Dataset excerpts below:
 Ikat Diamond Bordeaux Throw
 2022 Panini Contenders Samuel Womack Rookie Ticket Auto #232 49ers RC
End of Dataset excerpts.
Dataset excerpts below:
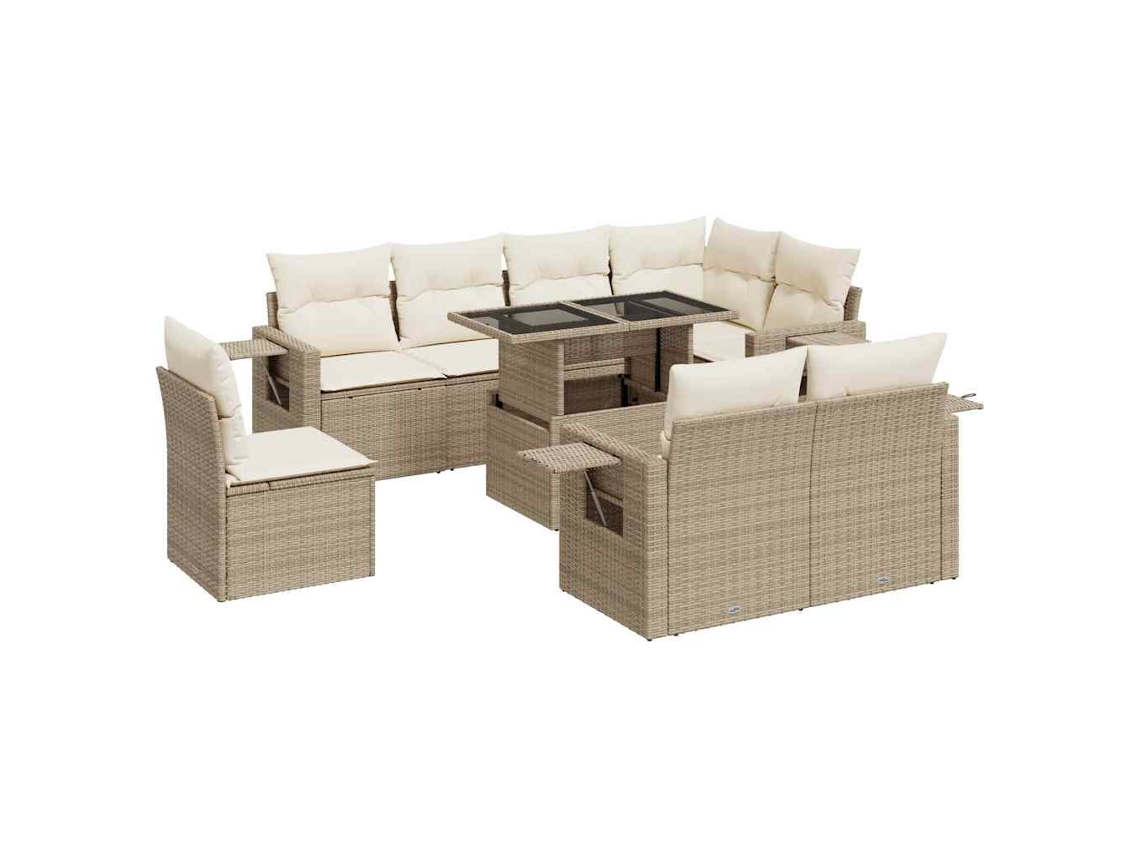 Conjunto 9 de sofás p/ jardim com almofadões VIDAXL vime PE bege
End of Dataset excerpts.
--- Directions for this task ---
Using only the entries above, output the line with "Ikat Diamond Bordeaux Throw", the line with "2022 Panini Contenders", and all lines between them, exactly as they stand.

--- Written answer ---
 Ikat Diamond Bordeaux Throw
 2022 Panini Contenders Samuel Womack Rookie Ticket Auto #232 49ers RC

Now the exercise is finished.